At first it was a cab driver from Queanbeyan who rode his luck to the top of the racing game.
And now it is a concrete renderer who is latest part-time trainer from the southern NSW town hoping to make a name for himself with a small team of racehorses.
Joe Janiak drove taxis before Takeover Target came along and took him on a journey to the world's best racecourses and put more than $6 million into his bank account.
Garry Clarke isn't expecting Oh So Adorable to end up winning at Royal Ascot but he likes her chances of giving him his first city winner at Warwick Farm on Wednesday.
"I've been beaten in photos, running seconds, so I'm hoping tomorrow is the day," he said.
"I just train horses as a hobby and I only train one or two at a time."
Advertised for sale among a variety of livestock and pets in the classifieds section of a Sydney daily newspaper, Oh So Adorable has returned almost $100,000 on the $8000 Clarke and his father paid for the filly as a weanling.
After racing in the Camarena Quality at Canberra and the Wellington Town Plate in her first two starts after a spell, Oh So Adorable takes on three-year-old fillies in the TAB Quaddie Handicap.

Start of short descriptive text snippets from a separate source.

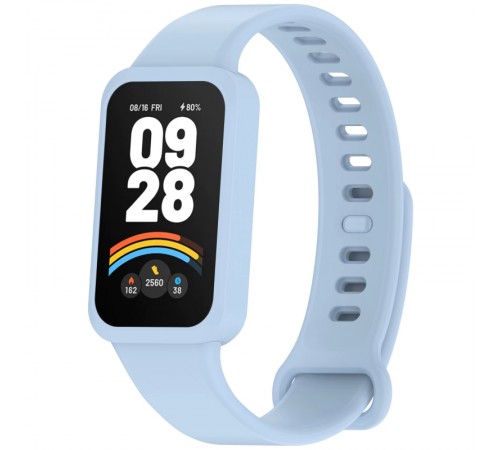 Силіконовий ремінець для Xiaomi Mi Smart Band 9 Active Blue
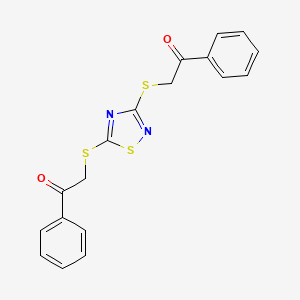 2,2'-[1,2,4-thiadiazole-3,5-diylbis(thio)]bis(1-phenylethanone)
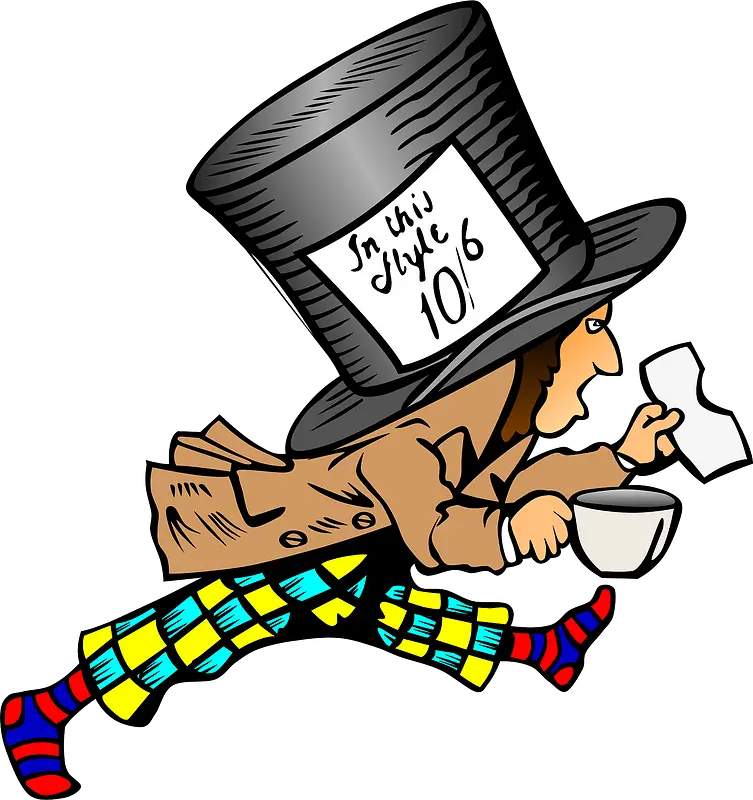  Mad Hatter Drawing Cartoon Clipart Mad Hatter Vector Png Mad Hatter Hat Png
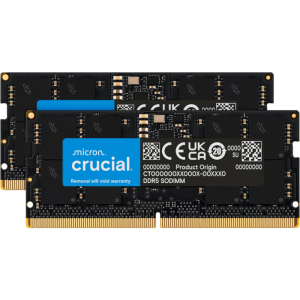 Crucial 96GB Kit (2x48GB) DDR5-5600 SODIMM CL46, 1.1V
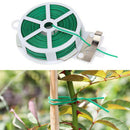 20M Gardening Plant Support Twist Tie Green Wire Roll and Cutter Garden tieB Hn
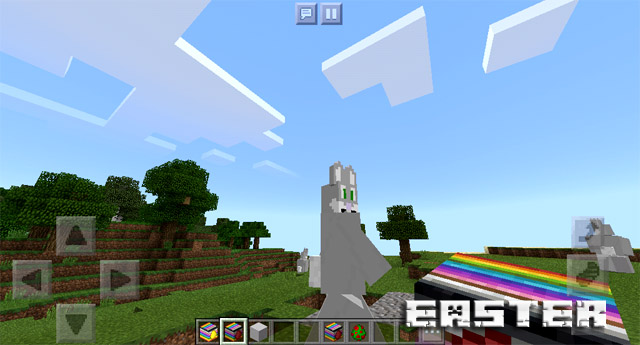 Пасхальный мод на Minecraft PE, Windows 10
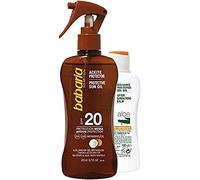 Pack Babaria Huile de noix de coco SPF20+ + Aloe Vera Après Soleil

Clarke will use apprentice Winona Costin's 3kg claim to offset Oh So Adorable's 61kg.
Just as Oh So Adorable's background is bordering on the obscure, promising stayer Vayakhan will make his city debut boasting a profile that is well exposed thanks to the horse he finished behind at the beginning of his career in France.
"He ran second and third in his first two starts to Intello and that horse ran third in last year's Arc (de Triomphe)," trainer David Vandyke said.

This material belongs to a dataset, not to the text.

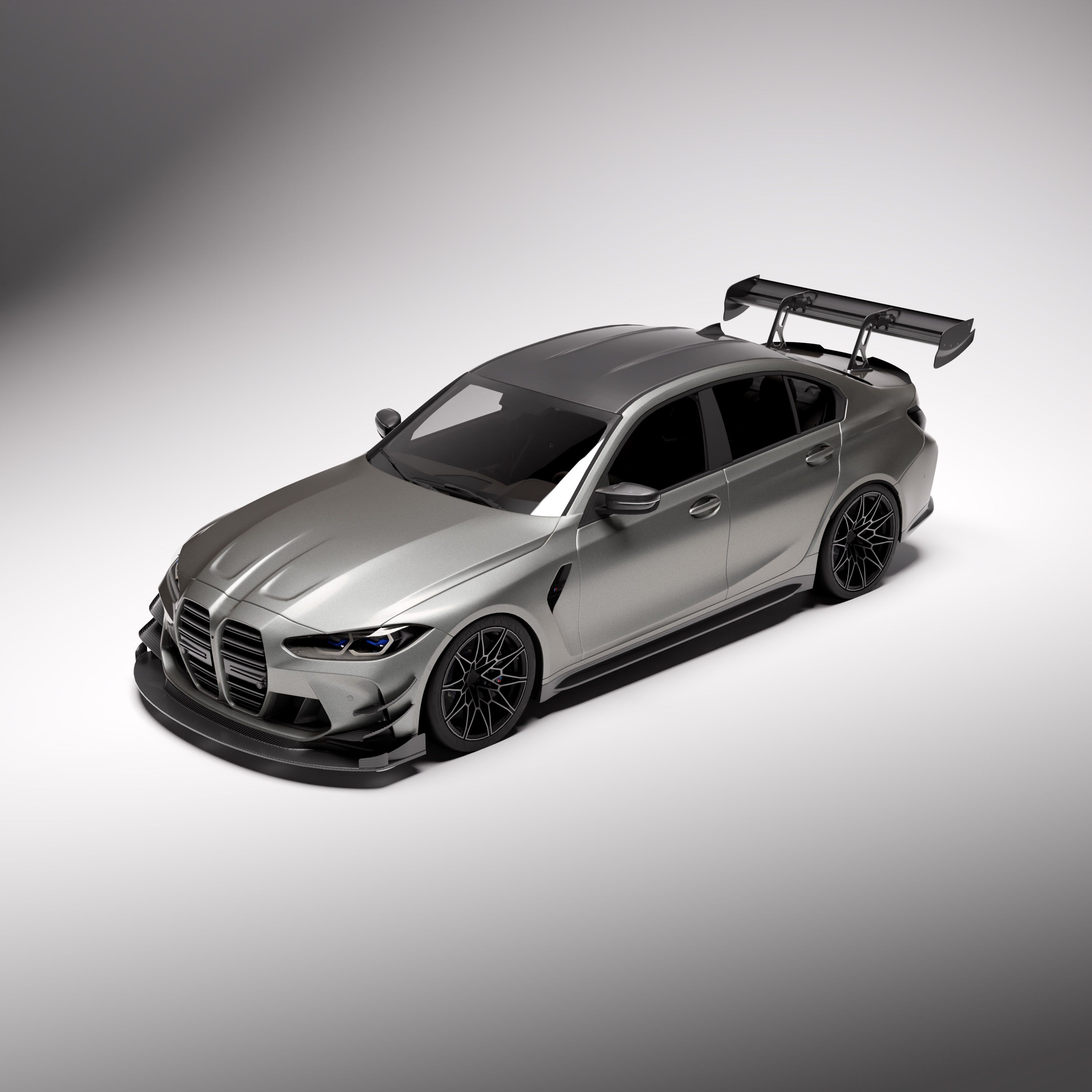 BMW® G80 M3 & G82 M4 Carbon fiber front splitter - Image 10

Vayakhan broke through at Newcastle to be one of the favourites for the Get Racy Handicap (2200m).
The four-year-old is nominated for the Queen Elizabeth Stakes and the Sydney Cup and a dominant display could force Vandyke to revise autumn plans.
Leading jockey Christian Reith will not ride at the meeting because he has flown to Singapore to be at the bedside of his close friend Nathan Berry.